Probiotics: Make Your Own Water Kefir!

When I went to see my naturopath, he told me that my fava beans might cause some digestive upsets and to use probiotics to remedy the condition. He mentioned several different avenues including buying them refrigerated from the health food store or making sauerkraut. I had bought a sauerkraut maker so when my neighbor gave me a giant head of cabbage, I thought I was all set. I’d bought powerful probiotics and they were powerful expensive so I figured this was the solution to any problem I might have with my innards. WRONG! Now, there are people out there who love to make sauerkraut and have achieved perfection with it but that isn’t me. I had cabbage from one end of the kitchen to the other and the result was less than satisfactory. I’d been there and done that. My gut would have to fend for itself.

Some months back, Peach on the forum had posted some comments about making water kefir. (That’s supposed to be pronounced keh-FEAR but I’ve always called it KEE-fer so I’ll continue to do so.) (However you read it is fine with me.) It sounded interesting. I’d been introduced to milk kefir by DH long, long ago and enjoyed it but the store that sold it was miles ‘n’ miles away. Besides, now that I’m a vegan, milk kefir would be out.

THEN another forum member posted a question about kefir on Facebook and I told her to go to the forum and post her questions. That’s what she did and we were off. KEFIR QUESTION almost instantly became a hot topic. It sounded like the perfect solution for me to get my probiotics and not go bankrupt at the same time.

Since Amazon has just about anything you could ever want and at a reasonable price, that was the second place I went. I’d emailed another source but didn’t hear anything so I went to Plan B and found water kefir grains. A few days later, they arrived. They were well packaged in plastic, then a foil pouch and after that, one of those squishy grayish mailing envelopes. Simple directions for making my own water kefir were enclosed.

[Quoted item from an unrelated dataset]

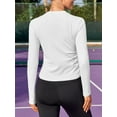 thumbnail image 5 of Charmo Womens Long Sleeve Workout Tops Side Ruched Yoga Shirts, 5 of 6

In anticipation of their arrival, I’d already ordered a nylon mesh strainer since most directions say not to use anything metal with the kefir grains. I wasn’t taking any chances. Since, I’ve learned it isn’t the end of the grains if you use stainless steel but I keep that to a minimum. Glass, nylon and plastic are my preferences.

I’ve made many a batch of kefir water since the first one and had it going the whole time DD was home. I even sent some grains back to the Great Northwest with her (and mailed some to Shari) and she is having a great time experimenting with different combinations. The possibilities are endless.

Here’s the equipment I use:

Quart jars
Plastic lids + one canning lid (not pictured)
Plates (sometimes it will fizz over so I use them just in case)
Plastic measuring spoon (tablespoon)
Plastic measuring spoon (1/4 teaspoon)
Nylon strainer


The basic ingredients are very easy to obtain (other than the grains and they aren’t so hard, either).

Water (I use distilled to get rid of the chlorine and fluoride since the grains and I don’t like either one)
Raw sugar
Calcium carbonate or sodium bicarbonate (this can be omitted if using mineral water)
Last but certainly not least, water kefir grains


Measure four tablespoons sugar into each jar.

Sugar in the jars

Put 1/8 teaspoon calcium or sodium bicarbonate into each jar. I have never seen a 1/8 teaspoon measuring spoon so I use half of the 1/4 teaspoon.

Sugar and calcium carbonate

Add water to the jars.

Adding the water

The difference in the color is because I put the plastic lid with the canning lid inside tightly on top of the jar and shook it until the sugar was dissolved. Then I repeated it with the other jar.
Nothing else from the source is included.